Charger Xtar XP4
Xtar is known for flashlights and a couple of good LiIon chargers. This time they have also included NiMH capabilities in the charger and together with 3 current settings and USB output it looks like a charger that can do just about everything (Except analyze).
The charger comes in a cardboard box with lots of specifications on the outside.
The box contains the charger, a mains adapter, a car adapter (Probably optional), a manual and a warranty card.
The front/top of the charger contains 8 leds and one button:
- 3 blue leds to show the charger current, a short press on the button will select next charge current.
- 1 blue usb led, this led will be on when the usb output is active. To activate the output slot #4 must have a charged LiIon battery, power must be disconnected and the button must be pressed for some time.
- 4 red/green status leds. They are red when charging and green at other times.

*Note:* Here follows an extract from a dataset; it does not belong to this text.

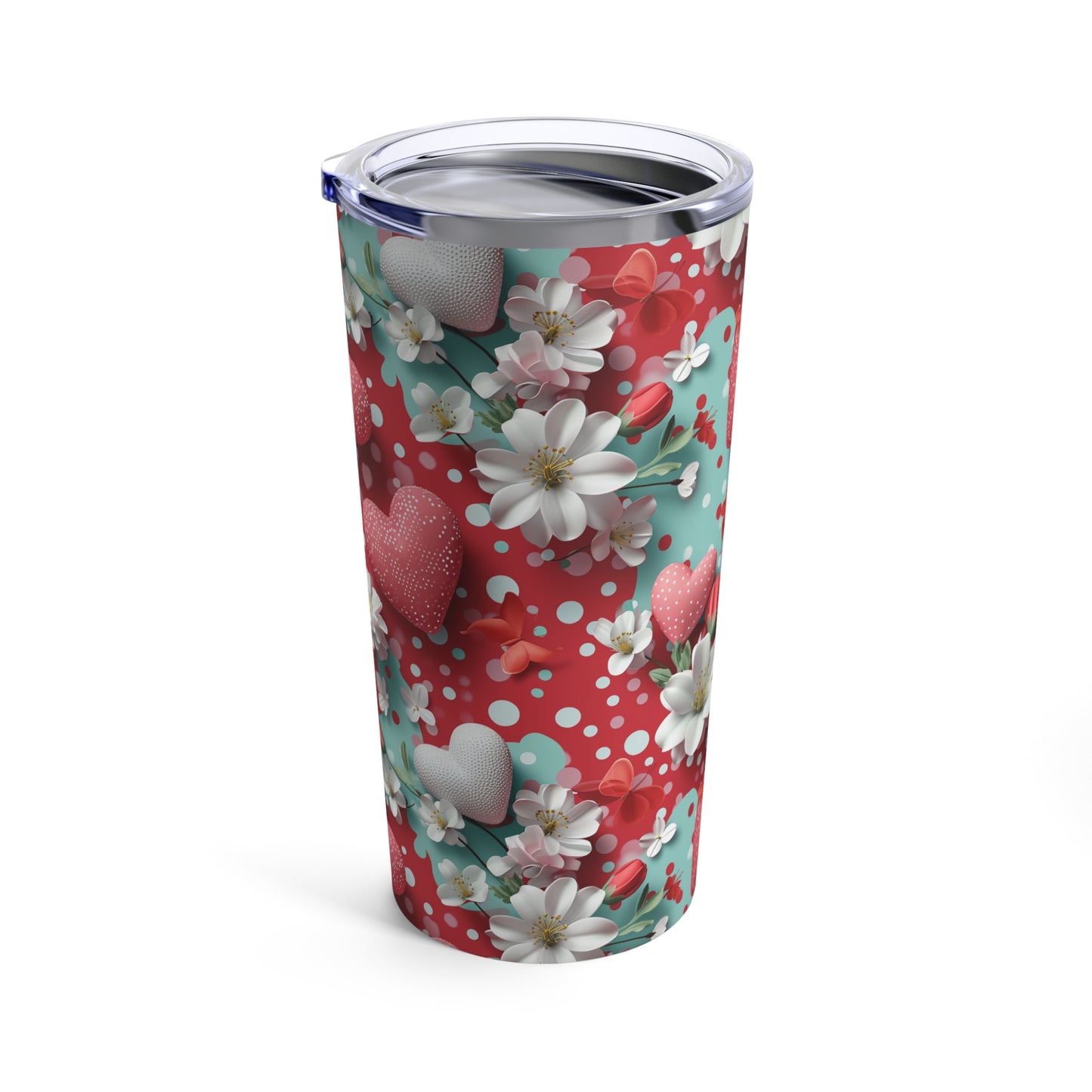 Red Polka Dot Hearts Digital Pattern Design 20 oz Stainless Steel Tumbler, Coffee Tumbler, Teacher Tumbler Gift, Mom Gift, Best Friend Gift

When slot #1 is discharging the led will flash red (Activated by a long press on the button).
The charger has a 12 volt input, this input can be supply from the main adapter or from the car adapter.
The usb output is rated at 1A and uses the battery in slot #4. It can only be activated when input power is disconnected.
Xtar uses this label to avoid fakes.
The battery + connection is slightly raised and worked with flat top batteries. The slider works fine.
The slider can work with batteries between 30.5 mm and 71.8 mm.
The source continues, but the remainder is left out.